Ein Gespräch mit Kurt Matzler über Digitalisierung und digitale Disruption

In Teil 1 des Interviews mit Kurt Matzler, Professor an der Fakultät für Wirtschaftswissenschaften der Freien Universität Bozen, lag der Fokus auf den Auswirkungen der digitalen Transformation auf Unternehmen und die exponentielle Entwicklung dieses Transformationsprozesses. Lesen Sie nun in Teil 2 des Interviews mehr über die digitale Disruption.

Kurt Matzler ist Professor an der Fakultät für Wirtschaftswissenschaften der Freien Universität Bozen. Er ist Co-Autor der deutschsprachigen Ausgabe des Buches The Innovator’s Dilemma mit Clayton M. Christensen, Professor an der Harvard Business School, und Co-Autor des Buches Digital Disruption.

In Teil 1 des Interviews haben wir über Digitalisierung gesprochen. Nehmen wir das zweite Titelstichwort mit hinzu. Was ist digitale Disruption?

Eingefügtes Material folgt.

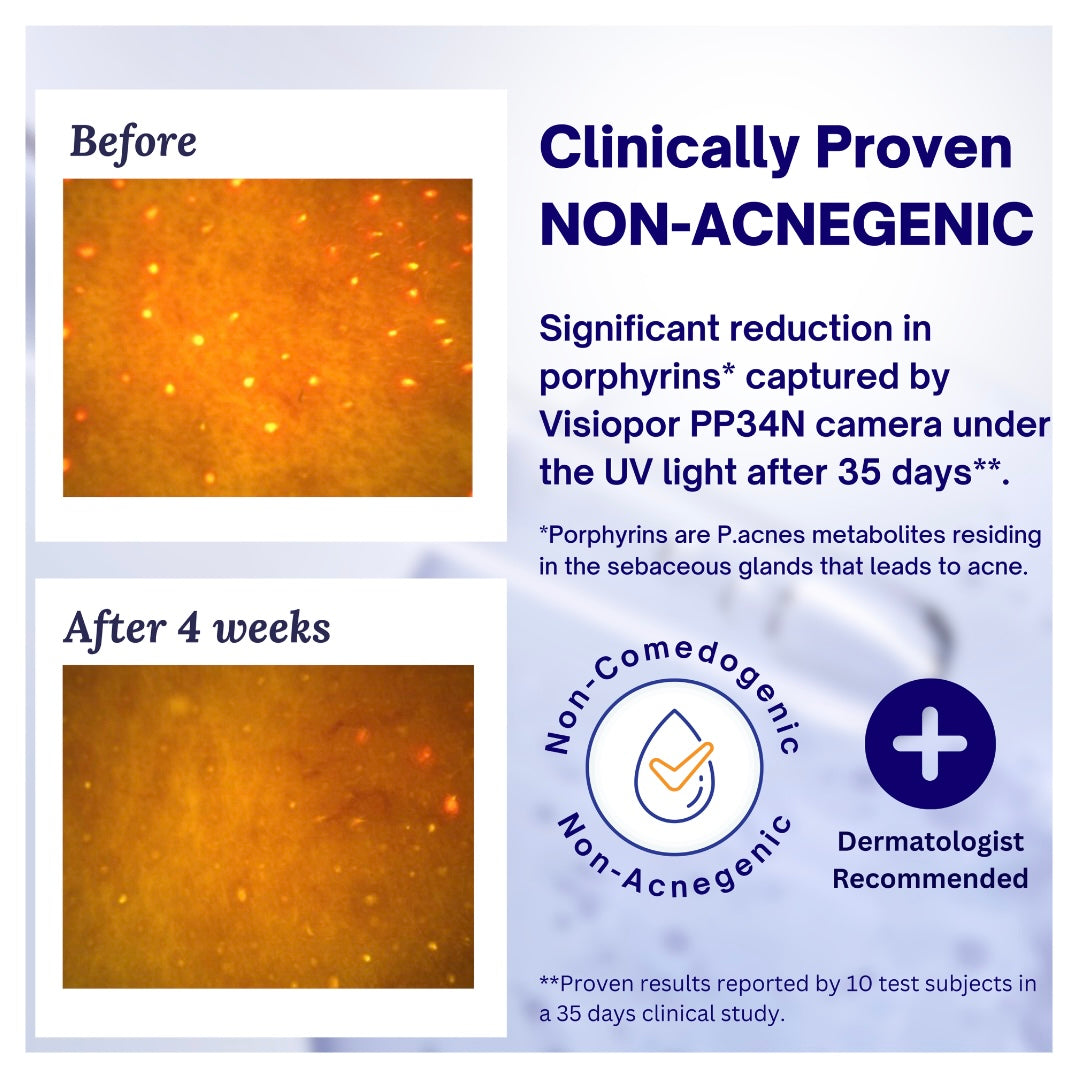 JASH'IN'CAYR Acne Control Moisturiser for Blemish Relief & Pore Control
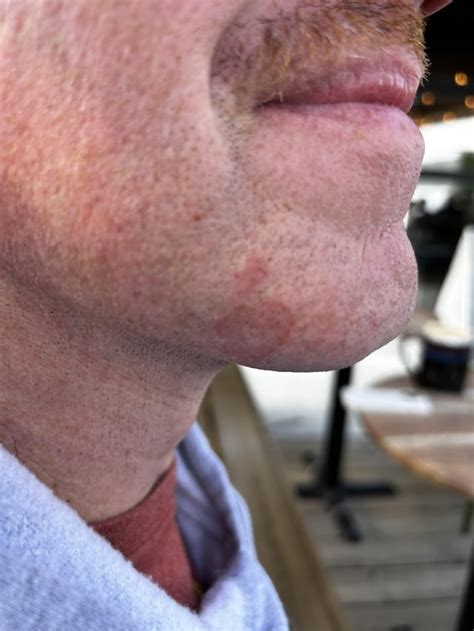 What Is This Rash Under My Husband’s Beard R Beards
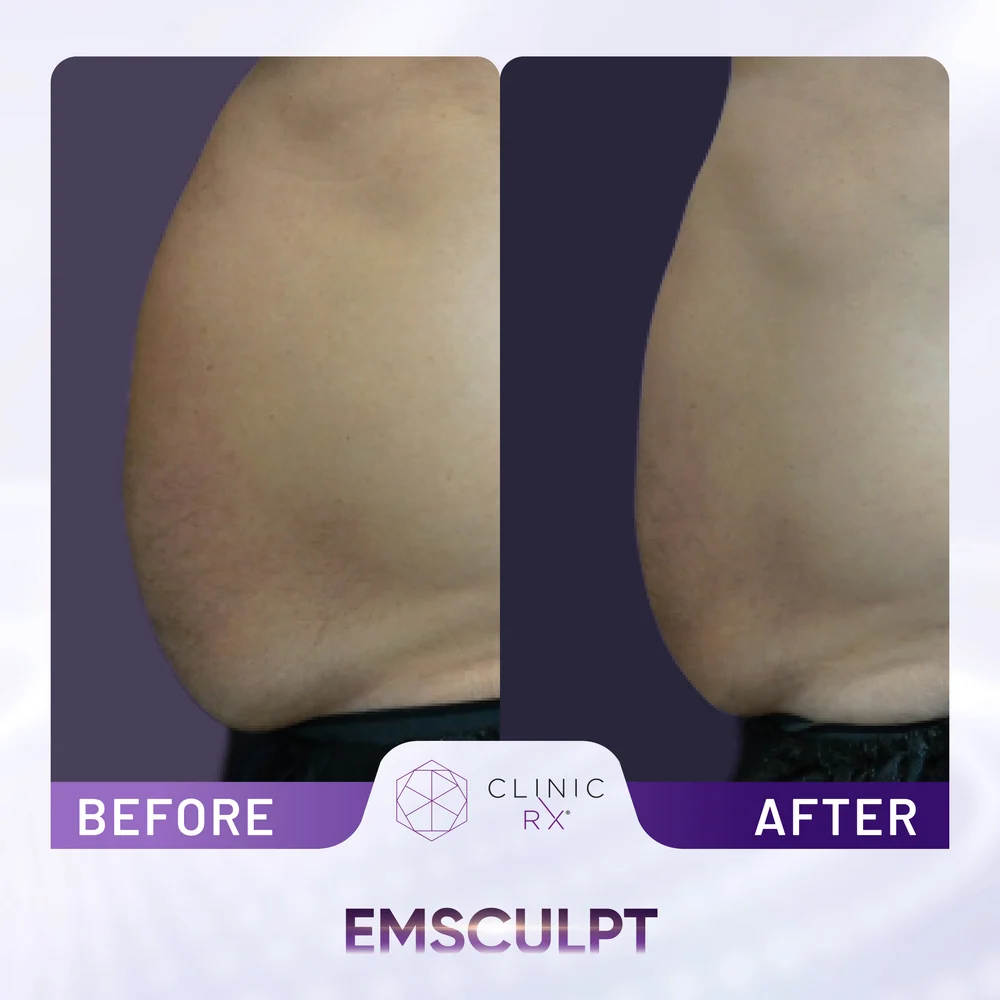 Unwanted Fat result 3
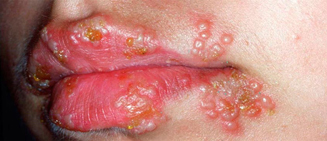 herpes giai đoạn cấp tính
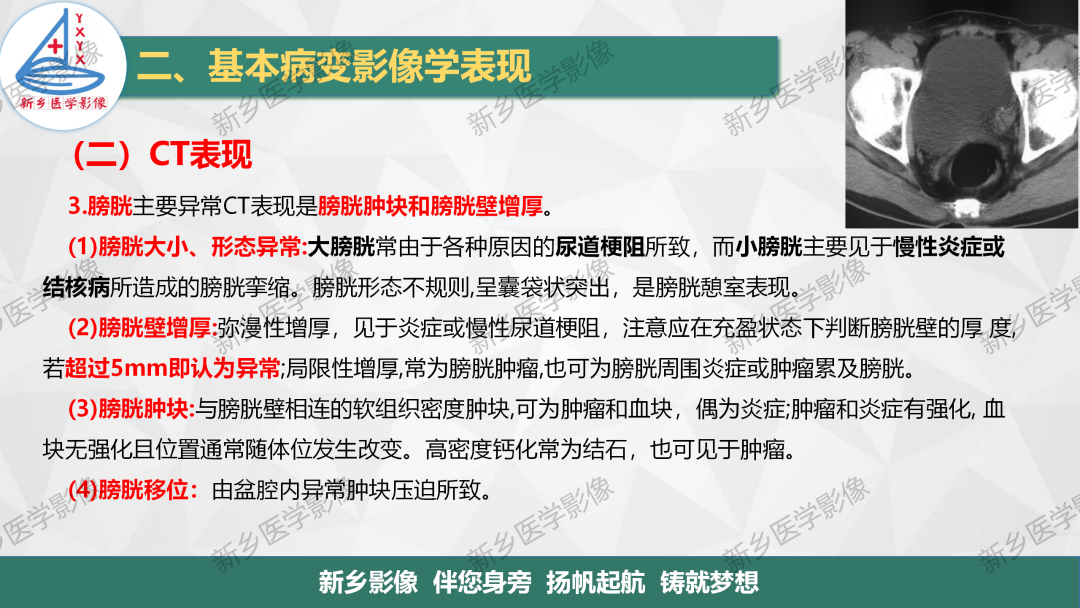 影像PPT - 【PPT】泌尿生殖系统解剖及基本病变影像表现-33
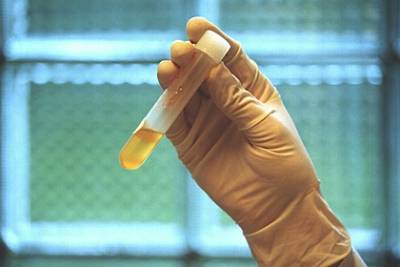 В Китае снова выявили случай заражения человека птичьим гриппом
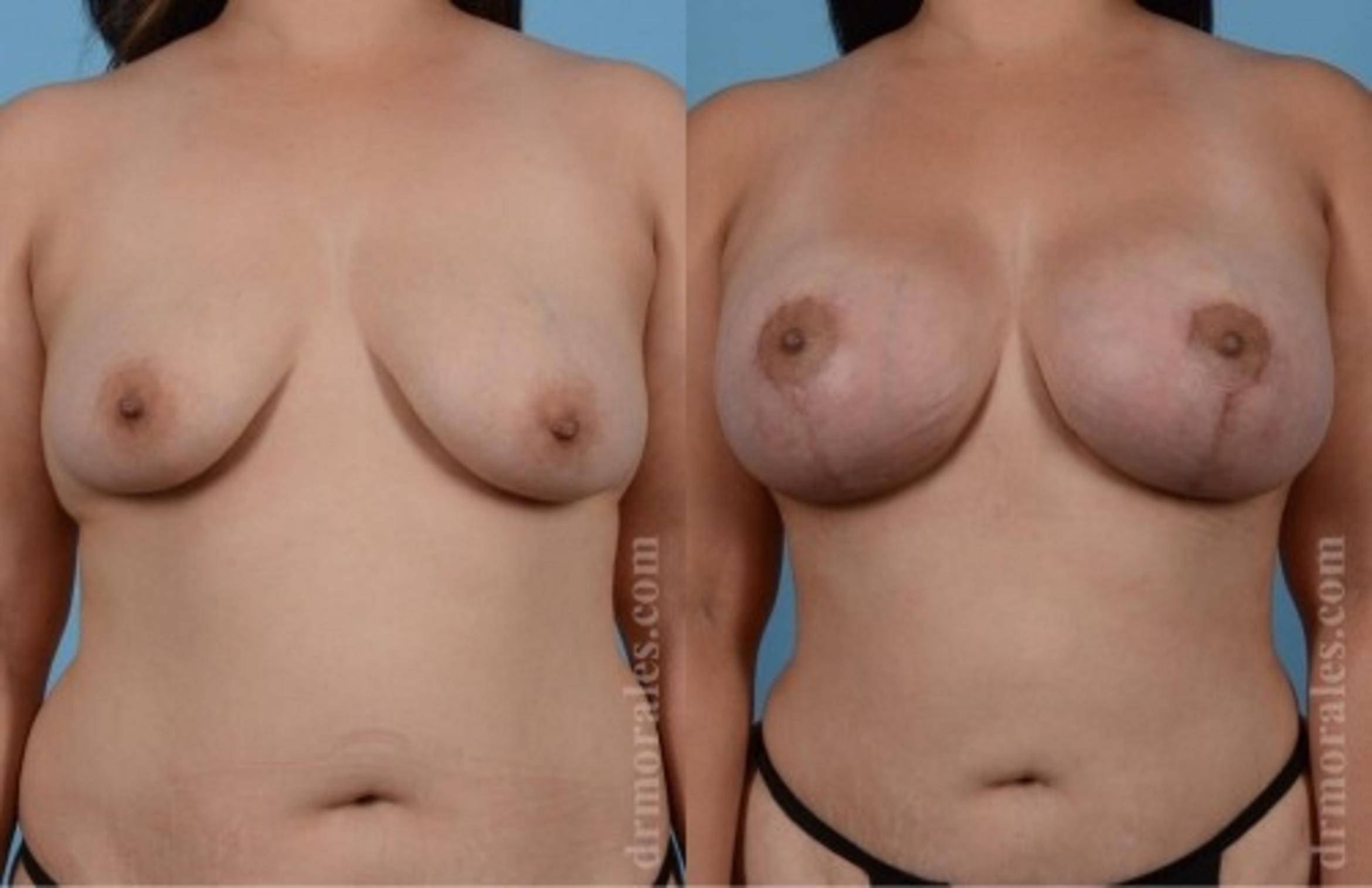 Before & After Breast Augmentation With Lift Case 697 View 1 View in Houston, TX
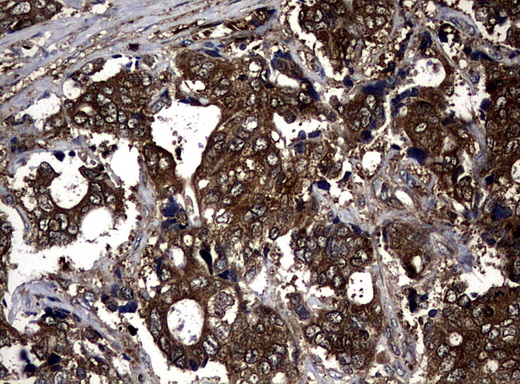 NME1 / NM23 Antibody - Immunohistochemical staining of paraffin-embedded Adenocarcinoma of Human breast tissue using anti-NME1 mouse monoclonal antibody.  heat-induced epitope retrieval by 10mM citric buffer, pH6.0, 120C for 3min)
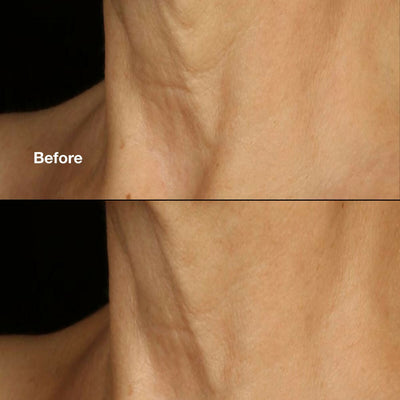 Clinique Smart Clinical Repair Lifting Face & Neck Cream
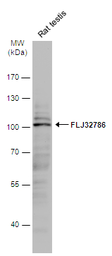 Anti-FLJ32786 antibody [N2C1], Internal used in Western Blot (WB). GTX111979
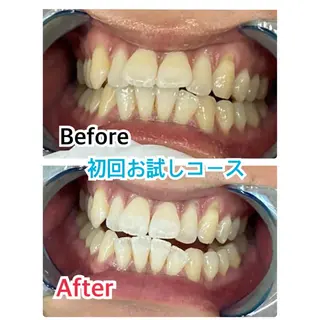 プラチナムビューティー柏所属・【歯科提携】柏ホワイ トニングスタイルのその他イメージ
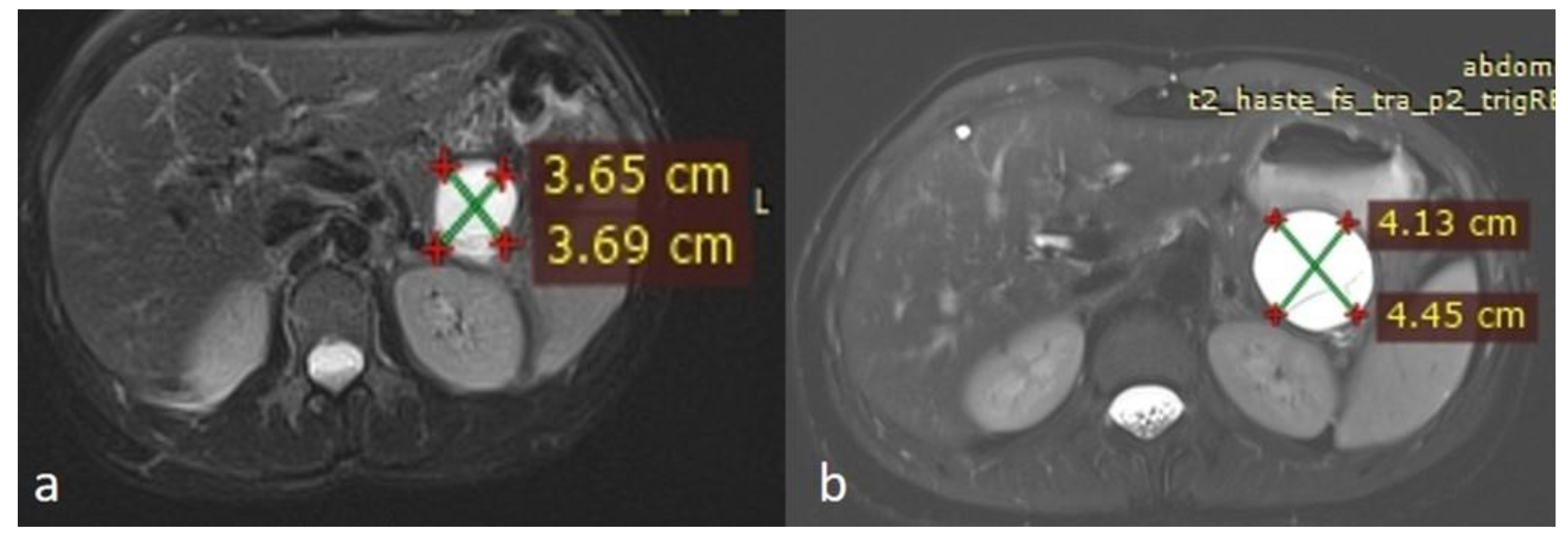 Diseases 13 00203 g003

Kurt Matzler: Digitalisierung kann in zweierlei Weise wirken. Sie kann helfen, bestehende Produkte, bestehende Dienstleistungen, bestehende Geschäftsmodelle besser zu machen. Autonomes Fahren beispielsweise ist der nächste logische Schritt im Automobilsektor. Digitale Disruption hingegen heißt, dass neue Geschäftsmodelle entstehen, die die bestehenden Geschäftsmodelle komplett ablösen. Im ersten Fall sehe ich wenig Risiko für etablierte Unternehmen. Handelt es sich aber um Disruption, wird es schwierig. Denn Disruption heißt, das bestehende Geschäftsmodell zu zerstören. Und davor schrecken viele Unternehmen zurück.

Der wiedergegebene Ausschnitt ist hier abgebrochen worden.